Los ciudadanos no le dieron al oficialismo mandato aritmético para cambiar la Constitución. Fueron necesarios tres tránsfugas para completar el quorum calificado de votación para cambiar la Constitución y para atropellar los derechos, el mérito y las expectativas de vida de miles de personas y familias que sirven a México desde la judicatura. Esa fue la deslealtad parlamentaria que explica la otra lucha perdida en la defensa de la República. Y ahora, con la certeza de la mayoría calificada que brotó de una complicidad partidaria y que se suscitó en un pacto de impunidad inquebrantable, esa mayoría falsaria pretende aislarnos de la alianza civilizatoria que conforman los sistemas hemisféricos de protección de los derechos humanos. Para que no existan condenas como el caso de Campo Algodonero o víctimas redimidas como Rosendo Cantú, Radilla Pacheco o Gerardo Tzompaxtle, modifíquese la Constitución al leal saber y entender de nuestro movimiento.

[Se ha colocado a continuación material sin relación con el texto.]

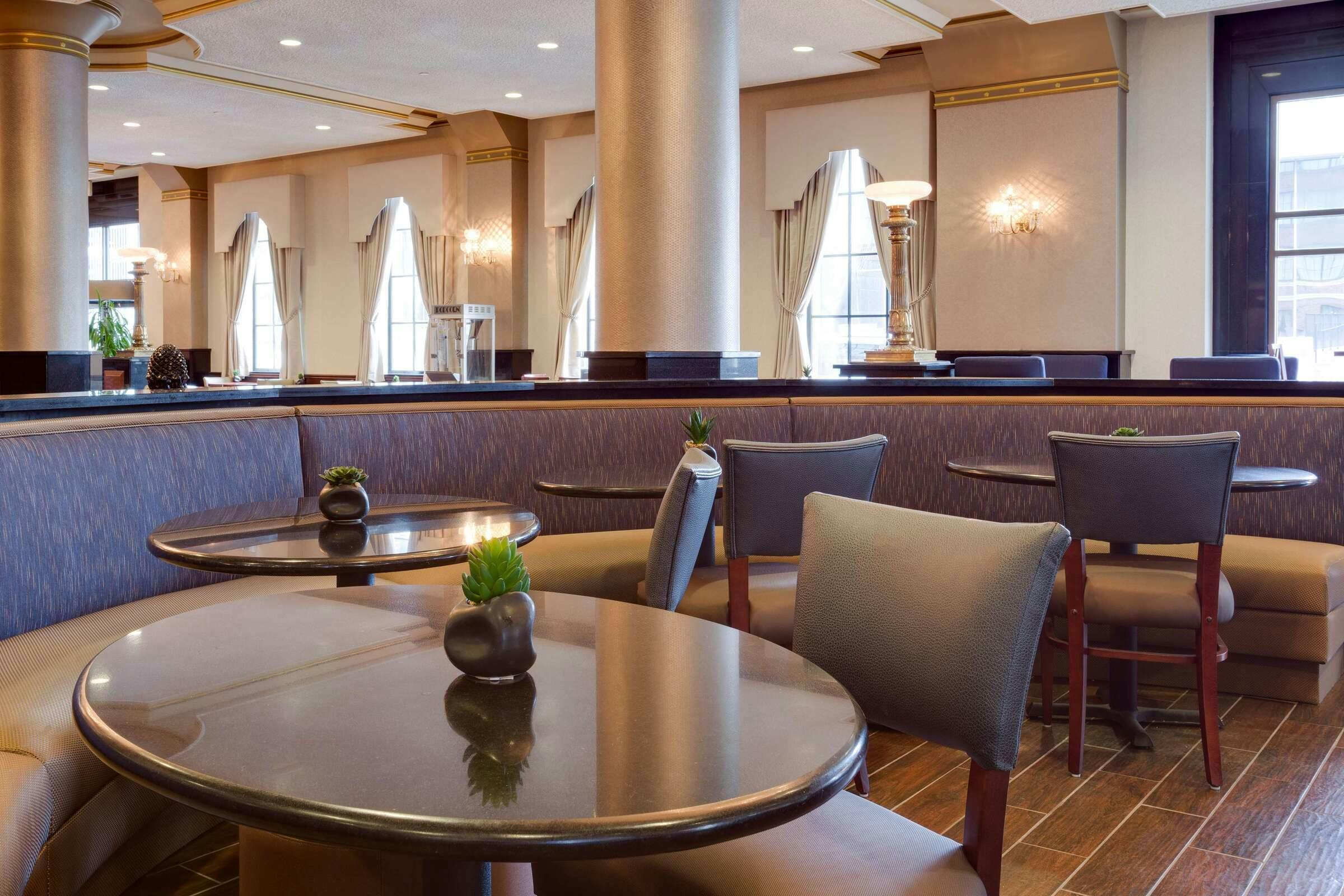 Hotel Drury Plaza Hotel St Louis at the Arch photo 4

La batalla que hoy dan jueces y magistrados quizá sería menos desigual si alguna de las otras se hubiese librado con decisión, valor e integridad. Tomo claramente una posición: existen razones históricas, comparadas y técnicas para sostener que la Constitución, su estructura básica, el coto vedado de los principios fundamentales, la esfera de lo indecidible debe prevalecer sobre el capricho de una mayoría que es tan temporal, como falsa y fraudulenta. Creo firmemente que una reforma constitucional puede ser inconstitucional y, también, que puede ser contraria a los derechos humanos de fuente convencional que ya son parte de nuestro ordenamiento interno.

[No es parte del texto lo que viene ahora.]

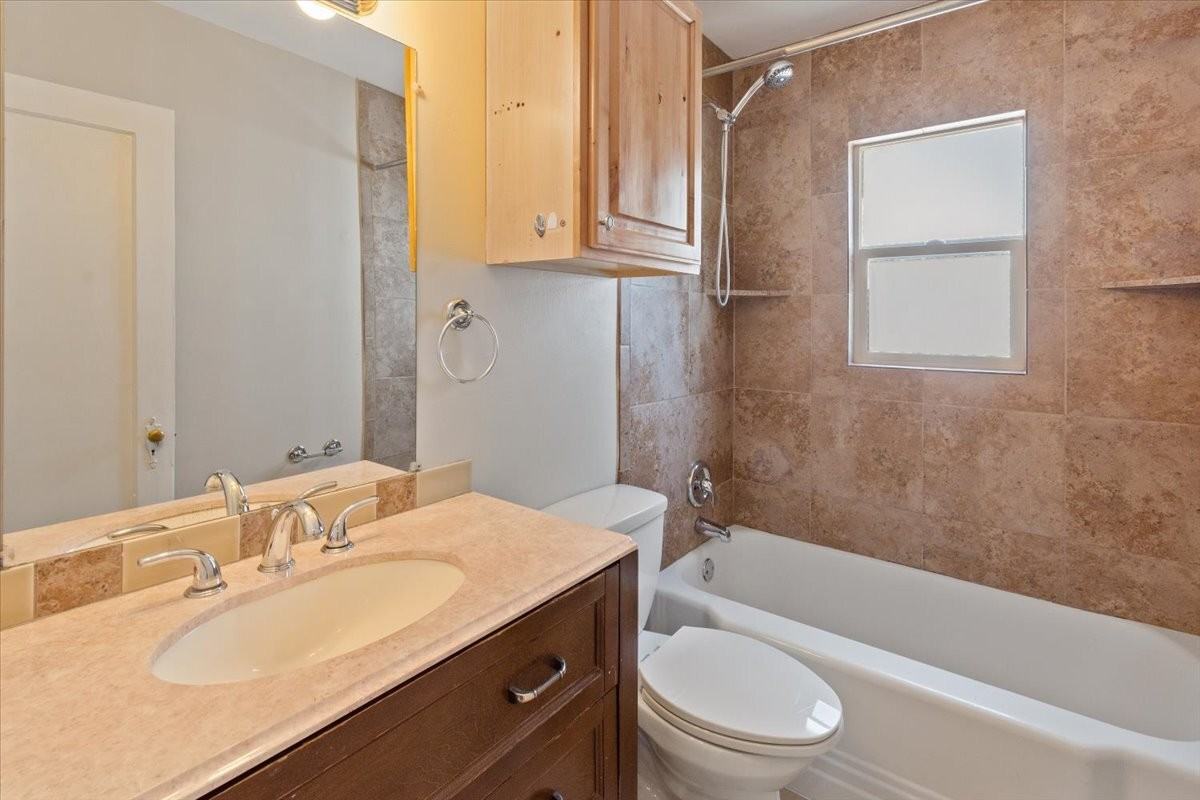 1263 East Emerson Avenue - Photo 5 of 39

Pero también es cierto que la legalidad formal se nos puede imponer. Que todo esto puede terminar en nuevas reglas del juego que marcarán a generaciones enteras. Que tendremos que afrontar el dilema de los demócratas de otra hora entre participar y abstenernos, entre lo que hoy puede parecer la ‘estéril aventura quijotesca’ o la inacción que quiere ser condena pasiva en el tiempo, entre el riesgo de la legitimación o la certeza de que todo espacio cedido será poder cooptado. Morirnos de nada.
Me formé en una tradición política que tomó con responsabilidad y convicción la travesía participacionista, incluso contra la más consolidada y cerrada de las hegemonías políticas. Esa tradición que no se cansó de repetir, desde la conciencia del deber, que la pelea reiterada es una garantía de victoria y que la única realmente perdida es la pelea abandonada. Minar a la hegemonía en su juego, por más injusto que éste sea y por más largo que parezca el camino. Por eso quiero ser ministro de la Suprema Corte de Justicia de la Nación por voto popular: para no abandonar, para pelear todas y cada una de las batallas que me quedan por la libertad y la razón.